I am more concerned by bait and switch that is comming, people will get used to convenience for $100 a year or $100 a month and after 10 years they do price 5x and what are people going to do?


> The productivity gains I'm seeing right now are unprecedented.

How long have you been in the industry?

This does not seem a revolution compared with database standardization, abandonment of assembly for most coding, introduction of game engines, etc.

I see a lot of hype for LLMs from people that do not have the experience to compare them to anything else.

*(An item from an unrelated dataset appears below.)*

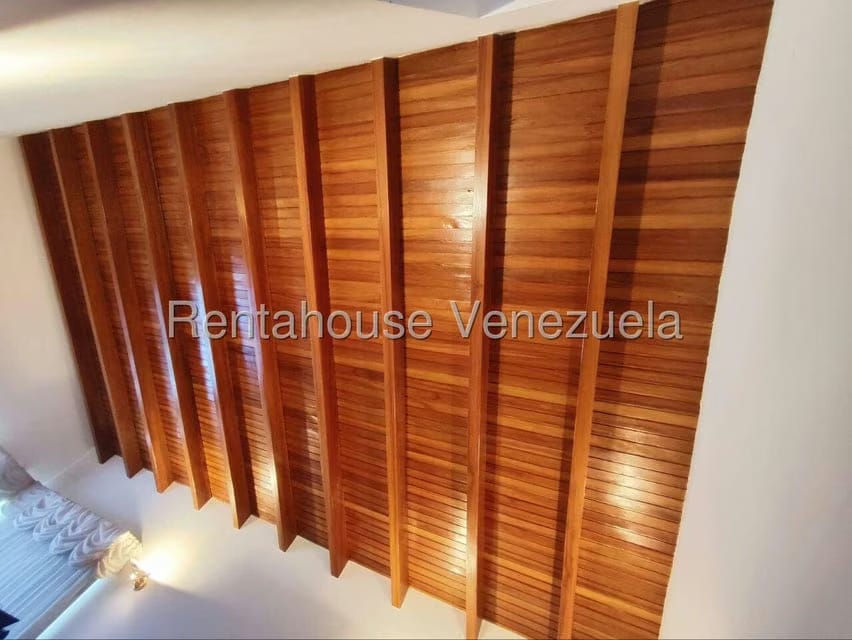 Casa (Multipes Niveles) en Venta en Colinas de Santa Monica, Distrito Metropolitano - 35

I been doing development for over 25 years and I completely agree with what they are saying. It's similar to going from punch cards to terminals. We were using assembly, COBOL, and Fortran in the 1990's and into the early 2000s. Zork even had a game engine. These are not the revolutions you think and have no hard cut off when change happened.


Are you actually reading the code? I have noticed most of the gains go away when you are reading the code outputted by the machine. And sometimes I do have to fix it by hand and then the agent is like "Oh you changed that file, let me fix it"


> My belief in this tech isn't based on marketing hype or someone telling me it's good – it's based on cold reality of what I'm shipping daily

Then why is half of the big tech companies using Microsoft Teams and sending mails with .docx embedded in ?

Of course marketing matters.

And of course the hard facts also matters, and I don't think anybody is saying that AI agents are purely marketing hype. But regardless, it is still interesting to take a step back and observe what marketing pressures we are subject to.


> I'm seeing legitimate 10x gains...

Self-reports on this have been remarkably unreliable.


0.05x to 0.5x


You are speculating. You don’t know. You are not testing this technology— you are trusting it.

How do I know? Because I am testing it, and I see a lot of problems that you are not mentioning.

I don’t know if you’ve been conned or you are doing the conning. It’s at least one of those.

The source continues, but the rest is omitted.